In an especially colorful recent example of fraud, on March 10 a church in Panama City, FL, called The Life Center: A Spiritual Community had its tax-exempt status revoked after officials discovered the church was operating a nightclub called Amnesia: The Tabernacle on the premises. The nominal church, situated in a tax-exempt building, hosted all-night lingerie parties and an event called “Wet ‘n Wild,” which was advertised as “white water meets Tabernacle PCB with a little twerkin’,” according to reporting by the Panama City News Herald. Would-be religions are rarely so unequivocally false. (It’s possible — though admittedly highly dubious — that the church might have squeaked by, had Amnesia claimed nightly raves were part of its sacred practice.)

While tax-exempt status demonstrates government recognition, a religious organization that doesn’t have it is by no means precluded from receiving the same protections and rights granted to those that do. The Church of Satan is not tax-exempt as a matter of preference (so they claim), choosing instead to adhere to founder Anton LaVey’s conviction that all churches should be taxed to “remove the government sanction of religion,” a position shared by other LaVey-influenced sects. (At least one Satanist sect, Satan’s Chapel, is tax-exempt.)

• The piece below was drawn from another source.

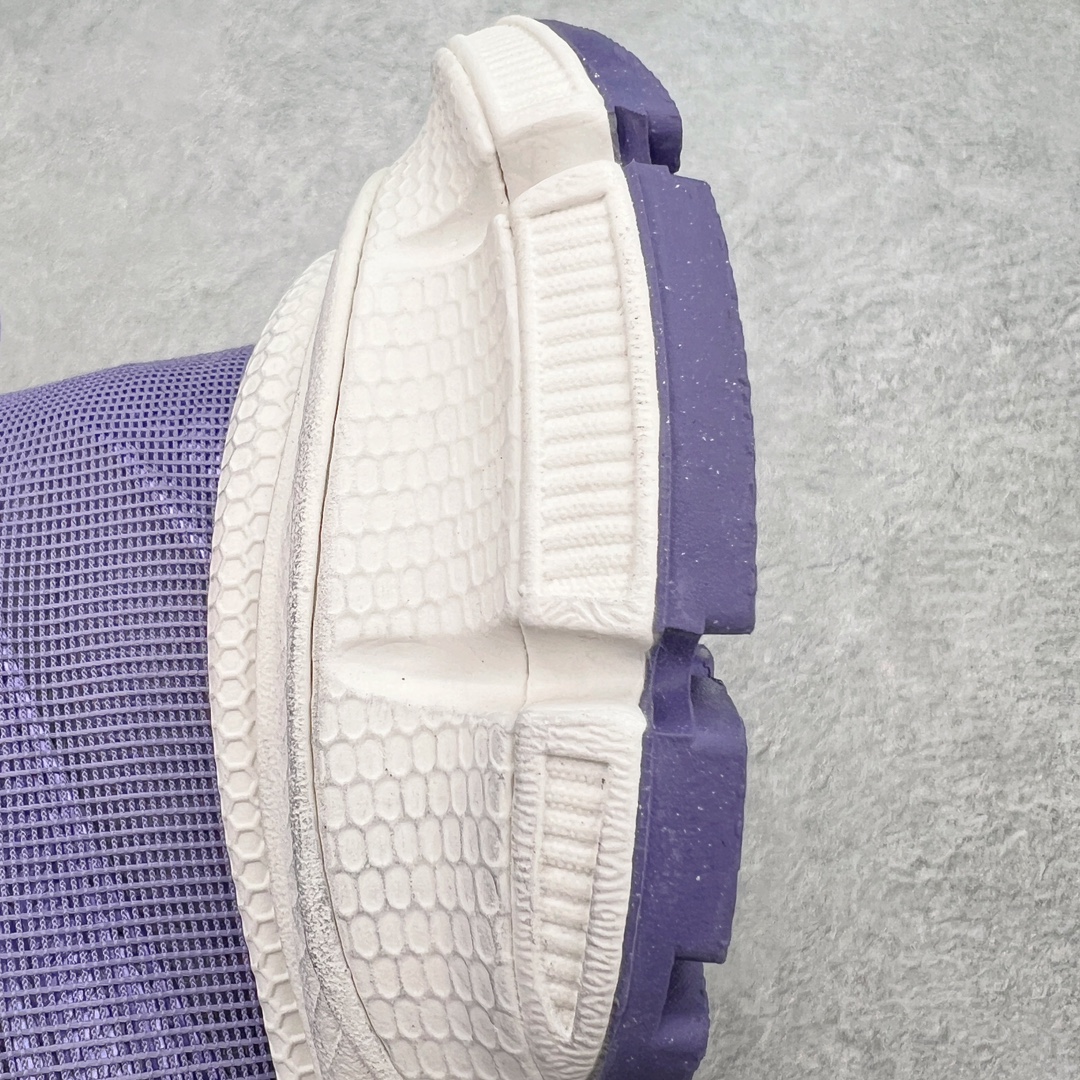 图片[14]-＃VG零售版 BALENCIAGA 3XL Sneakers 巴黎世家十代网布系带低帮走秀复古老爹鞋 全套原纸板楦头开发 最原汁原味的灵魂版型 全鞋荧光划线卡点 胶水把控整洁度追求极致完美 每一双都是工艺品 多重QC质检 超越公司货的品控标准 实实在在的免检产品 原盒原配 正确字体电绣 粗细、位置、大小正确 侧边TPU 透气孔匹配意产原版 正确分离大底 TPU软底 原版一致大底LOGO 立体感十足 原厂皮料水洗做旧 采购原厂网纱 不含皮革 网布材料和聚氨酯 磨损效果 鞋头边缘和后帮 Balenciaga 徽标 鞋面和后跟凸印尺码 鞋舌 3XL 橡胶品牌标识和反光细节 鞋帮拉袢和鞋舌拉祥 配反光细节 备用鞋带在鞋履前侧 可在穿着前取下 便于不同造型搭配 正常尺码 尺码：35 36 37 38 39 40 41 42 43 44 45 46-选品中心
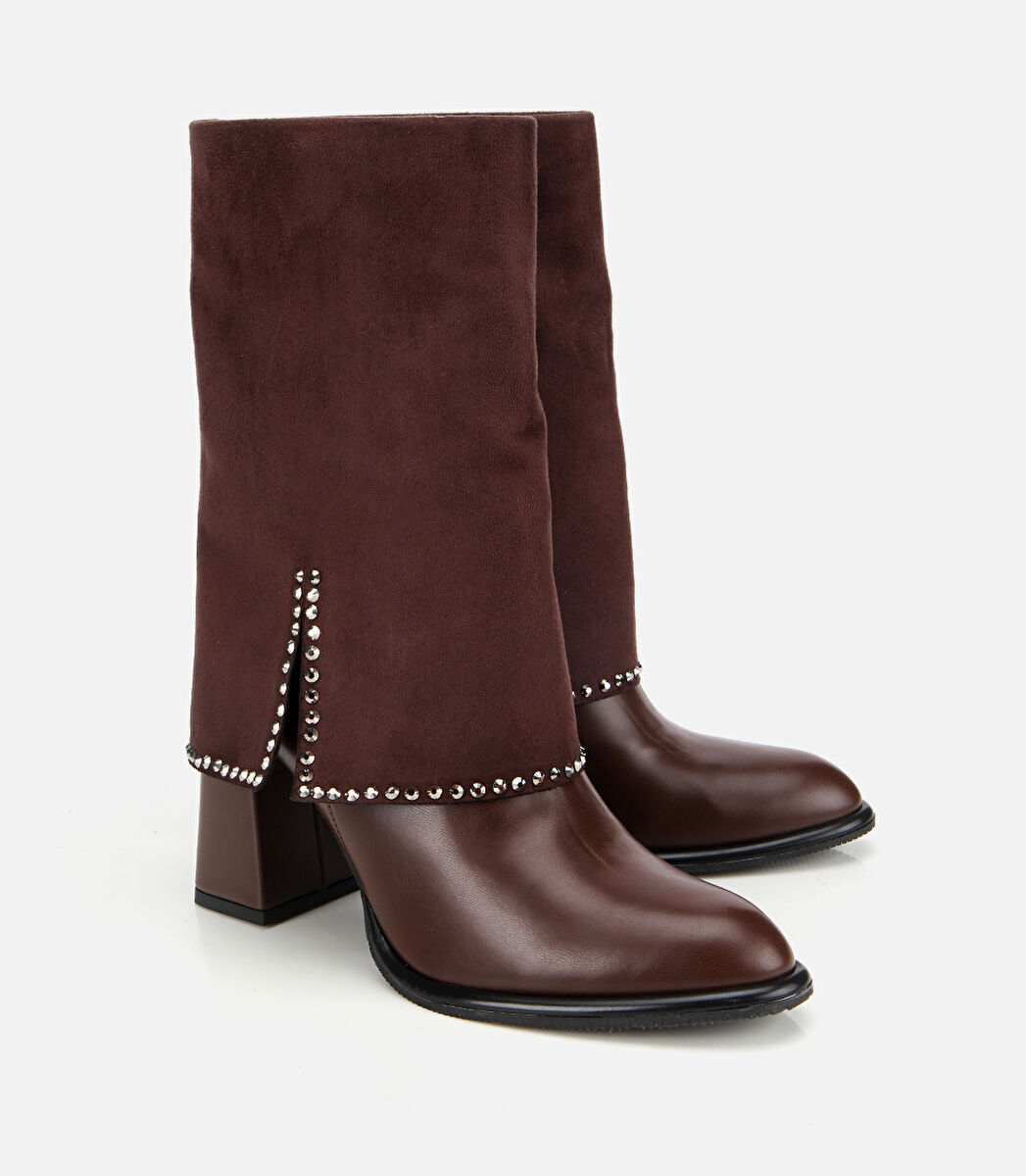 Kadın Kahverengi Pantolon Görünümlü Zımbalı Kalın Topuklu Bot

Yet regardless of tax-exempt status, the rights of several different sects of Satanism to practice have been recognized in a wide swath of court decisions. For instance, in 2014, the Satanic Temple (yet another group) won the right to erect a statue of Baphomet on Oklahoma state grounds after a Christian group was allowed to place a Ten Commandments monument in front of the state capitol building.

As for Scientology, the film won’t necessarily enlighten anyone who has read Wright’s book, or any of the other journalistic exposés of the last decade or so. If you need a refresher on Scientology’s risible theology, the South Park episode “Trapped In The Closet” offers an arguably more cogent, and certainly more entertaining, explanation. But Gibney’s documentary draws its considerable power from the personal narratives of several apostates, some of whom worked in the church’s highest echelons, whose disclosures form the film’s backbone.

And in another neat trick that only a movie can pull off, Gibney juxtaposes archive footage of church executives denying the accusations leveled at Scientology with new interviews of those same former executives, contrite and owning up to the church’s deceptive practices. The meaning is clear: Whatever Scientology is, it is not what it claims to be.